Mancini initially wanted to introduce the concept of "multiple Chuckys" in the movie, but due to budget constraints the idea was eventually scrapped. Mancini later used this concept for the 2017 sequel Cult of Chucky. It also was intended to open with a scene of a security guard portrayed by John Ritter frightening off a group of trespassing children at the Good Guys factory by telling them scary stories about Chucky. After Mancini decided to make Andy Barclay 16 years old, he considered recasting the role with Jonathan Brandis before hiring Justin Whalin. Before Jack Bender became director, Mancini wanted to hire Peter Jackson.

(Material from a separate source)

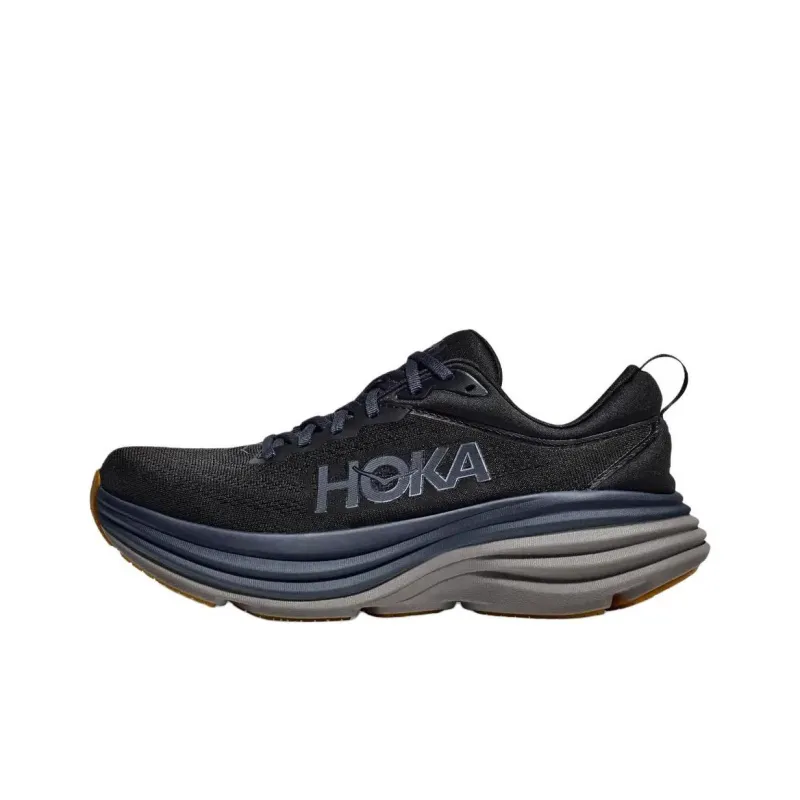 HOKA ONE ONE Bondi 8 Anti Slip Wear Resistant Low Top Casual Running Shoes Men's Black-0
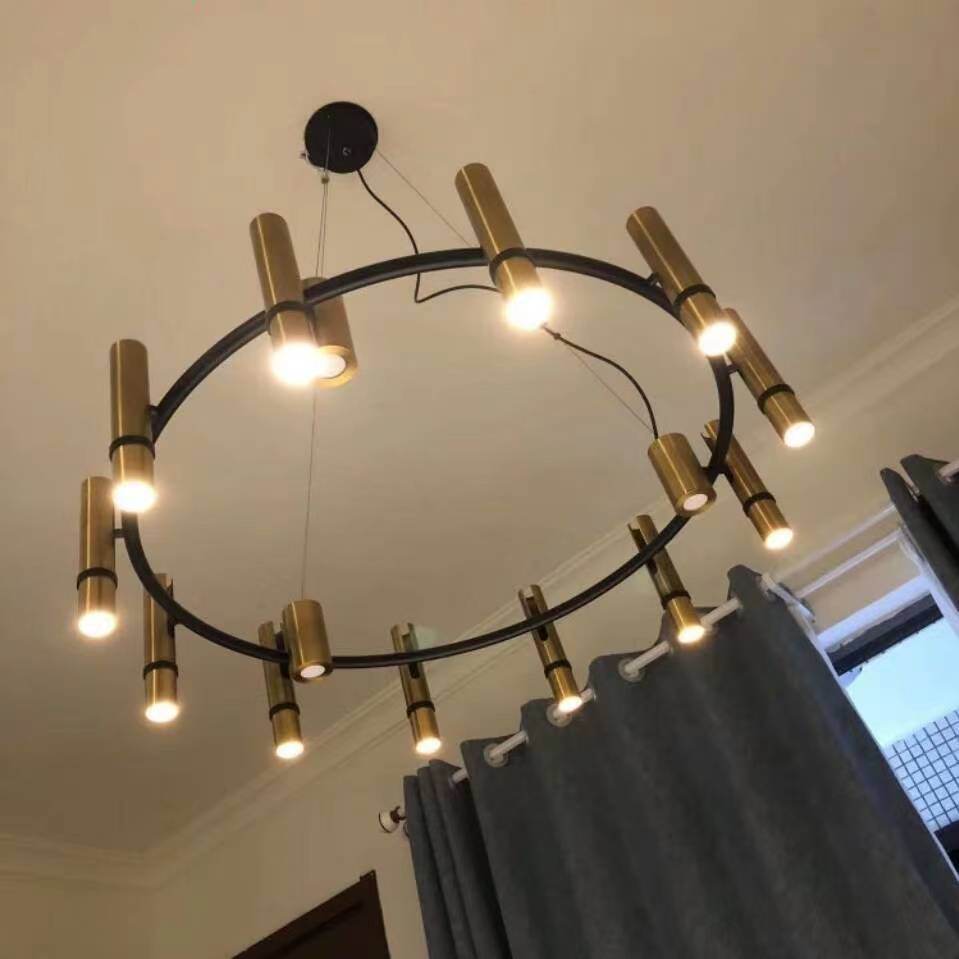 圆环吊灯客厅餐桌LOFT办公店铺别墅旋转轻奢黄古铜色LED灯具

Principal photography began on February 4, 1991, at the Kemper Military School in Boonville, Missouri. Further filming took place in California at Los Angeles and the Universal Studios Lot in Universal City. The carnival scenes were filmed in Valencia, California. The puppeteers made the doll speak using computer technology to control its mouth movements to align with Dourif's prerecorded dialogue. N. Brock Winkless IV returned to work as one of Chucky's puppeteers, as did Van Snowden.

Novelization
A tie-in novel was later written by Matthew J. Costello. Just like Child's Play 2, this novel had some of the author's own parts. In the beginning (unlike the film's), in the Play Pals factory, a rat scours for food and chews on Chucky's remains. Blood then leaks out of the remains and somehow leaks into another doll. Chucky's death in this book is also different. In the novel, Andy shoots Chucky in the chest and causes his body to fall to the floor, and watches his head shatter to blood, metal and plastic.

Release
Child's Play 3 opened in second place behind Dead Again to $5.7 million over the 4-day 1991 Labor Day weekend,  which the Los Angeles Times called "slow numbers". It finished its theatrical run with $15 million in the US, and a total of $20.5 million worldwide.

Reception
On Rotten Tomatoes, the film has an approval rating of 21% based on reviews from 14 critics, and an average rating is 4.50/10, making it the poorest reviewed film in the series on the site. On Metacritic it has a score of 27% based on reviews from 13 critics, indicating "generally unfavorable reviews".

Chris Hicks of the Deseret News called it "perverse" and criticized the film's plot.  Caryn James of The New York Times called the Chucky doll "an impressive technological achievement" but said the film "misses the sharpness and dark humor" of the original film.  Variety called it a "noisy, mindless sequel" with good acting. Richard Harrington of The Washington Post wrote, "Chucky himself is an animatronic delight, but one suspects the film's energies and budget have all been devoted to what is essentially a one-trick pony."  Stephen Wigle of The Baltimore Sun called it "fun for any fan of the slasher genre".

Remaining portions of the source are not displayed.